Aristocrat Pays Shareholders Dividends as COVID-19 Continues

Aristocrat Gaming

Aristocrat pays shareholders dividend as virus recovery continues

Australian poker machine manufacturer Aristocrat Leisure will pay shareholders a dividend, The Australian reports.

This is despite the company taking millions of dollars from the Federal Government’s JobKeeper payments and halving its full-year net profit.

The company accessed $13.3 million from the government’s wage subsidy program to September 30, as it bore the brunt of forced casino and pokie venue closures.

After suspending its interim dividend in May to strengthen its balance sheet, its board authorised a final payout of 10 cents, citing Aristocrat’s “effective COVID-19 response.”

This represents a decline of 82 per cent in 2019.

Investors lapped up the news, with Aristocrat’s share price surging 3.8 per cent to $34.59, compared with a 0.5 per cent gain across the broader market.

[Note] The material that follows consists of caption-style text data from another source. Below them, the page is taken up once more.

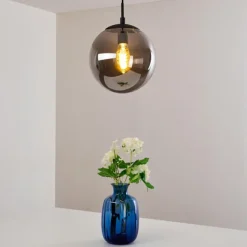 hofstein Suspension Agropoli Fumée, Noir, 1 lumière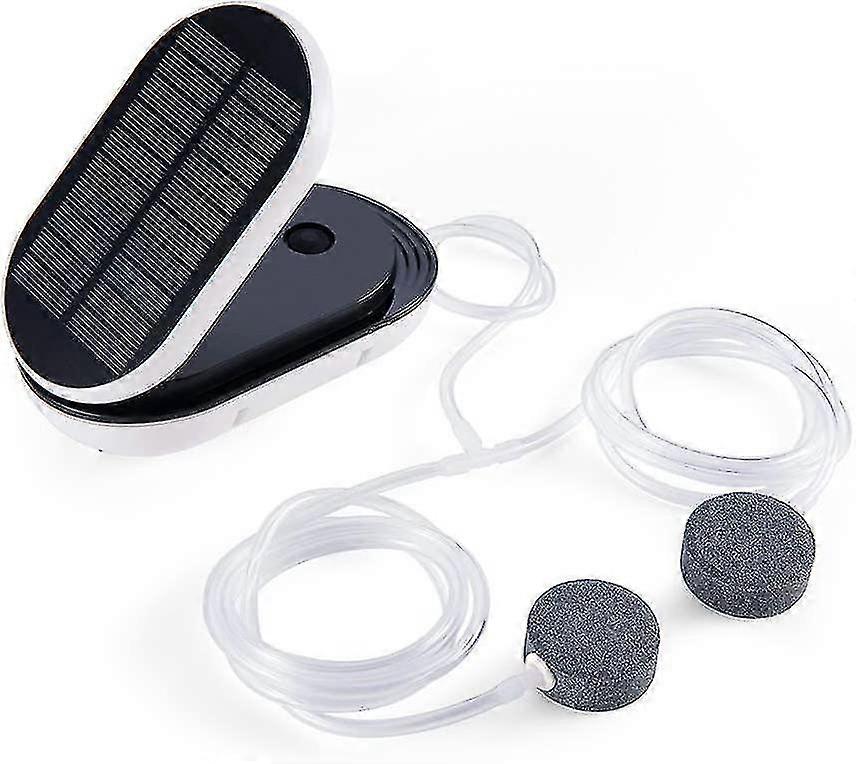 Tilting Version Of Solar Air Pump, Solar Pool Pond Oxygen Aerator With Air Stone For Aquariums Ponds (portable, 3 Working Modes)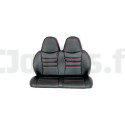 Black seat for Beach Buggy 12 Volts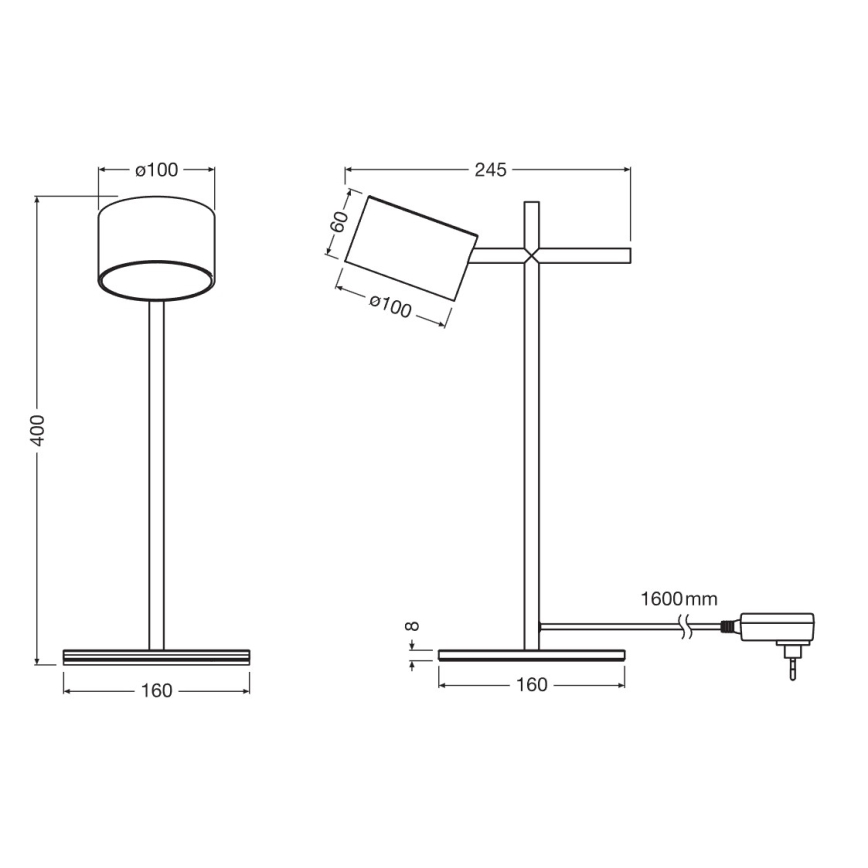 Osram - LED stolna lampa DECOR KYOTO s dodirnim upravljanjem i prigušavanjem LED/12W/230V CRI 90 crna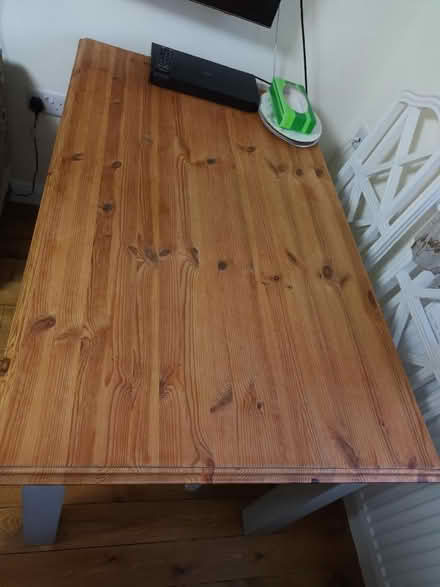Photo of free Pine dining table (Burwell OX28) #3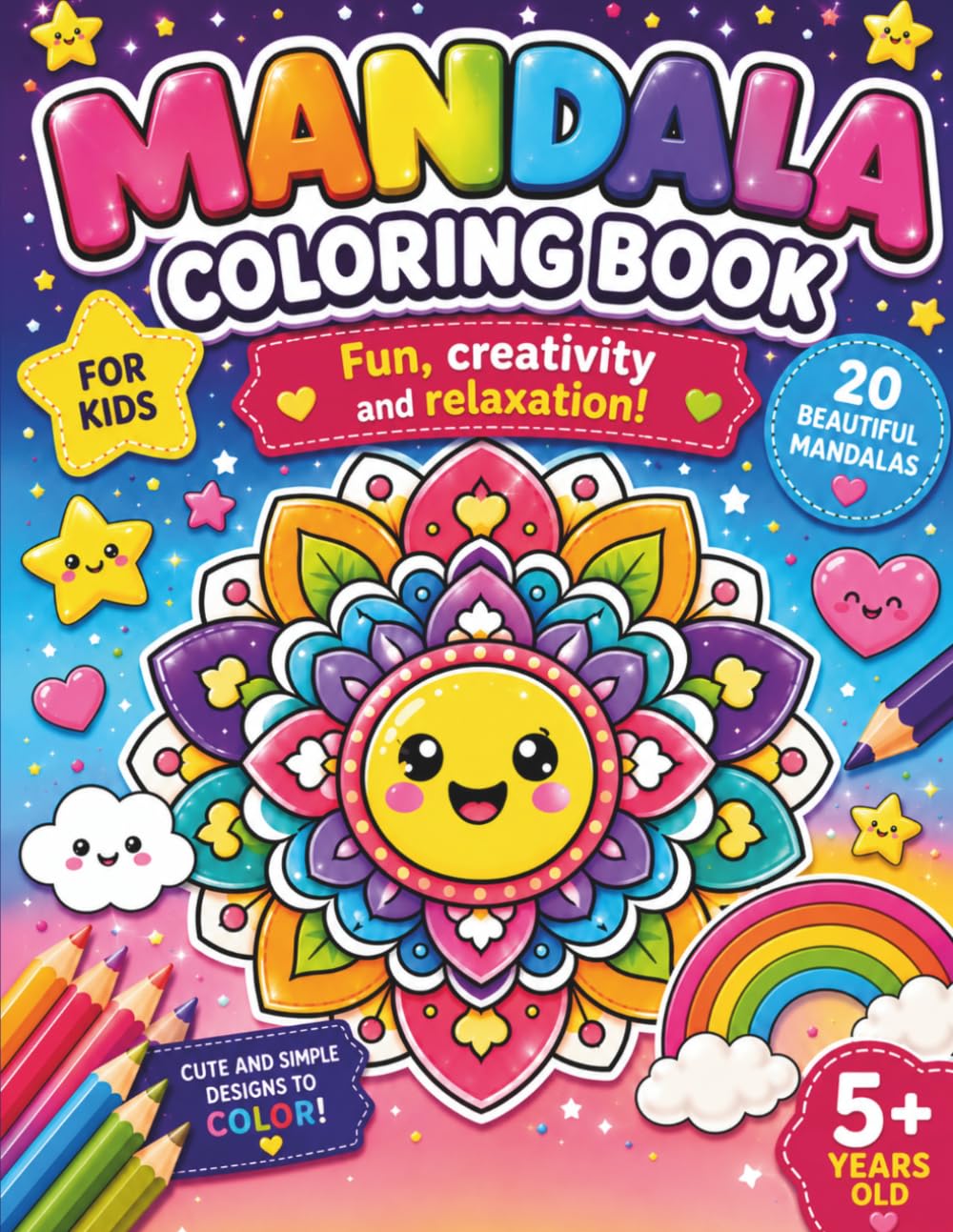 Mandala - Coloring Book: fun, creativity and relaxation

S&P Global Ratings analysts said Aristocrat has made “good progress on its road to recovery” but “meaningful challenges remain, particularly in the company’s land-based Americas business.”

While revenue across its digital business increased 29 per cent to $2.2 billion, its land-based business declined 32 per cent, with analysts expecting the division’s earnings not to recover fully for another two years.

“Earlier than the anticipated reopening of casinos helped to limit the severity of earnings declines in fiscal 2020,” analysts said.

“Further, the digital segment continues to exhibit resilience, somewhat offsetting the significant drop in land-based revenues stemming from country-specific COVID-19 response measures.

“Despite this, group EBITDA declined by 31.8 per cent in fiscal 2020, driven in large part by a fall in the Americas segment’s EBITDA of around 42 per cent.

“We expect COVID-19 related effects on Aristocrat’s land-based operations will continue to constrain EBITDA over the next 12 to 18 months and not return to pre-COVID levels until the year ending September 30, 2022.

But S&P analysts said Aristocrat’s “strong balance sheet” would “help weather uncertainty” and maintained its BB+ rating.

“We anticipate a sluggish recovery in orders of new and replacement outright sale units as casino operators try to preserve liquidity in the face of significant economic uncertainty.”

Land-based operations an area needing improvement

Further constraining the recovery of Aristocrat’s land-based operations will be social distancing measures limiting casino capacity and the number of active gaming machines on a casino floor.

“Aristocrat’s sizeable cash balance of $1.7 billion, undrawn facilities, and minimal near term debt maturities provide an adequate buffer to meet any liquidity pressures over the next 12 months,” the analysts said.

“We believe this balance sheet strength, enhanced liquidity, and progress toward cash flow repair support Aristocrat’s decision to declare a modest full-year dividend.”

Aristocrat’s normalised full-year net profit dived 46.7 per cent to $476.6 million in the year to September 30.

Meanwhile, revenue eased 5.9 per cent to $4.1 billion.

On a statutory basis, profit surged 97.2 per cent to $1.38 billion, thanks to a $1.1 billion deferred tax asset.

“In May, we said that Aristocrat entered the COVID-19 challenge in good shape.

“Six months on, and notwithstanding the uncertainties that remain, we believe we’re well placed to emerge from this period in even better shape,” chief executive Trevor Croker said.

“Our results for the full year to September 30 demonstrate that we have enhanced our financial fundamentals and further accelerated our underlying operational momentum, despite the exceptional challenges and volatility generated by COVID-19 on our business, customers, players and people across the majority of the period.

“Aristocrat continued to take share and maintained its leadership of key gaming markets and segments over the full year, with an increased focus on customer service and engagement. Continued investment in new hardware and games delivered superior operational performance and support resilient demand.”

As a result of coronavirus, Aristocrat stood down 1000 staff from May 1 to the end of June and made an additional 200 roles redundant.

As of October 31, it had 5000 venue customers in Australia that had resumed operations, except in Victoria, after closing in March.